Re: Uninitialized buffer memory leads to buffer warnings

Posted by Wes McKinney <we...@gmail.com>.
hi Dimitri,

Zeroing the padding is probably a good idea; I'd be interested to look
at the diff to see how many code paths are impacted. We already have a
number of places where we are zeroing buffers but as you have found it
is not 100% consistent.

- Wes

On Tue, Jul 3, 2018 at 10:13 AM, Dimitri Vorona
<al...@googlemail.com.invalid> wrote:
> Hi,
>
> I misunderstood the issue: the zeroing of the padding is correctly handled
> by the writers, as long as they are careful not to read beyond the
> specified size of the buffers (as opposed to its capacity).
>
> The valgrind warning came from the way AppendNull(s) is implemented in some
> of the builders: it just sets the nullmap and increments lengths, but
> doesn't set the data, which leads to uninitialized memory chunks, where
> nulls where inserted. I'll send a PR which addresses it.
>
> I'm still not sure if we should add zero the padding anyway, since the
> buffers can be shared in any number of ways. Zeroing the last couple of
> bytes shouldn't have any performance impact and could save a headache in
> the future.
>
> Cheers.
>
> On Tue, Jul 3, 2018 at 1:15 PM Antoine Pitrou <an...@python.org> wrote:
>
>>
>> Hi,
>>
>> Writing uninitialized memory risks leaking private data.  This might
>> lead to security issues.
>>
>> I'd go for option 2.  Option 3 sounds much more costly (we would be
>> zero-initializing large memory areas instead of small padding areas).
>>
>> Regards
>>
>> Antoine.
>>
>>
>> Le 03/07/2018 à 13:11, Dimitri Vorona a écrit :
>> > Hi all,
>> >
>> > currently, running json-integration-test with valgrind leads to the
>> > following warning: "Syscall param write(buf) points to uninitialised
>> > byte(s)". This is caused by PrimitiveBufferBuilder not initializing its
>> > data memory. Note: we initialize null_bitmap_data_ by zeroing, i.e.
>> setting
>> > all values to not-null by default.
>> >
>> > Since having tests pass valgrind might be desirable for the CI, I think
>> we
>> > should fix this warning. There are a couple of possibilities:
>> >
>> > 1. Add suppression. The specs doesn't require padding to have a specific
>> > value, so we might consider it to be false positive
>> > 2. Add initialization of the padding bytes to ArrayBuilder::FinishIntenal
>> > implementations.
>> > 3. Generally zero-initialize memory in PoolBuffer.

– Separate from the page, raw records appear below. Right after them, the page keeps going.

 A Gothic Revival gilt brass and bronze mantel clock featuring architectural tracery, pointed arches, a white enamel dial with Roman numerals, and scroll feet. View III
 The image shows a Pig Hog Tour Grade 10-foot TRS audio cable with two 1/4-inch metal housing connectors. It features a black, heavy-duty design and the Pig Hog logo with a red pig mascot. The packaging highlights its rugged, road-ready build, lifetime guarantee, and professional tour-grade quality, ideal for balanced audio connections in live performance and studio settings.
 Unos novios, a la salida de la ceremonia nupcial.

Might be too
>> expensive.
>> >
>> > Or course there could be number of other options, includeing "do
>> nothing".
>> > If we settle on a best option, I can make a PR.
>> >
>> > Cheers,
>> > Dimitri.
>> >
>>

Re: Uninitialized buffer memory leads to buffer warnings

Posted by Dimitri Vorona <al...@googlemail.com.INVALID>.
Hi,

I misunderstood the issue: the zeroing of the padding is correctly handled
by the writers, as long as they are careful not to read beyond the
specified size of the buffers (as opposed to its capacity).

The valgrind warning came from the way AppendNull(s) is implemented in some
of the builders: it just sets the nullmap and increments lengths, but
doesn't set the data, which leads to uninitialized memory chunks, where
nulls where inserted. I'll send a PR which addresses it.

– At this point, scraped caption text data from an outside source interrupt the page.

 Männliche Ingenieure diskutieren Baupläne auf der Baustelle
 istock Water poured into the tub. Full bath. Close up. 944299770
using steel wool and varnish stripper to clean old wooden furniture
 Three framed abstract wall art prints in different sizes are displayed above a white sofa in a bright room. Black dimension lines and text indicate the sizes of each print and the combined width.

I'm still not sure if we should add zero the padding anyway, since the
buffers can be shared in any number of ways. Zeroing the last couple of
bytes shouldn't have any performance impact and could save a headache in
the future.

Cheers.

On Tue, Jul 3, 2018 at 1:15 PM Antoine Pitrou <an...@python.org> wrote:

>
> Hi,
>
> Writing uninitialized memory risks leaking private data.  This might
> lead to security issues.
>
> I'd go for option 2.  Option 3 sounds much more costly (we would be
> zero-initializing large memory areas instead of small padding areas).
>
> Regards
>
> Antoine.
>
>
> Le 03/07/2018 à 13:11, Dimitri Vorona a écrit :
> > Hi all,
> >
> > currently, running json-integration-test with valgrind leads to the
> > following warning: "Syscall param write(buf) points to uninitialised
> > byte(s)". This is caused by PrimitiveBufferBuilder not initializing its
> > data memory. Note: we initialize null_bitmap_data_ by zeroing, i.e.
> setting
> > all values to not-null by default.
> >
> > Since having tests pass valgrind might be desirable for the CI, I think
> we
> > should fix this warning. There are a couple of possibilities:
> >
> > 1. Add suppression. The specs doesn't require padding to have a specific
> > value, so we might consider it to be false positive
> > 2. Add initialization of the padding bytes to ArrayBuilder::FinishIntenal
> > implementations.
> > 3. Generally zero-initialize memory in PoolBuffer. Might be too
> expensive.
> >
> > Or course there could be number of other options, includeing "do
> nothing".
> > If we settle on a best option, I can make a PR.
> >
> > Cheers,
> > Dimitri.
> >
>

Re: Uninitialized buffer memory leads to buffer warnings

Posted by Antoine Pitrou <an...@python.org>.
Hi,

Writing uninitialized memory risks leaking private data.  This might
lead to security issues.

I'd go for option 2.  Option 3 sounds much more costly (we would be
zero-initializing large memory areas instead of small padding areas).

Regards

Antoine.


Le 03/07/2018 à 13:11, Dimitri Vorona a écrit :
> Hi all,
> 
> currently, running json-integration-test with valgrind leads to the
> following warning: "Syscall param write(buf) points to uninitialised
> byte(s)". This is caused by PrimitiveBufferBuilder not initializing its
> data memory. Note: we initialize null_bitmap_data_ by zeroing, i.e. setting
> all values to not-null by default.
> 
> Since having tests pass valgrind might be desirable for the CI, I think we
> should fix this warning. There are a couple of possibilities:
> 
> 1. Add suppression. The specs doesn't require padding to have a specific
> value, so we might consider it to be false positive
> 2. Add initialization of the padding bytes to ArrayBuilder::FinishIntenal
> implementations.
> 3. Generally zero-initialize memory in PoolBuffer. Might be too expensive.
> 
> Or course there could be number of other options, includeing "do nothing".
> If we settle on a best option, I can make a PR.
> 
> Cheers,
> Dimitri.
>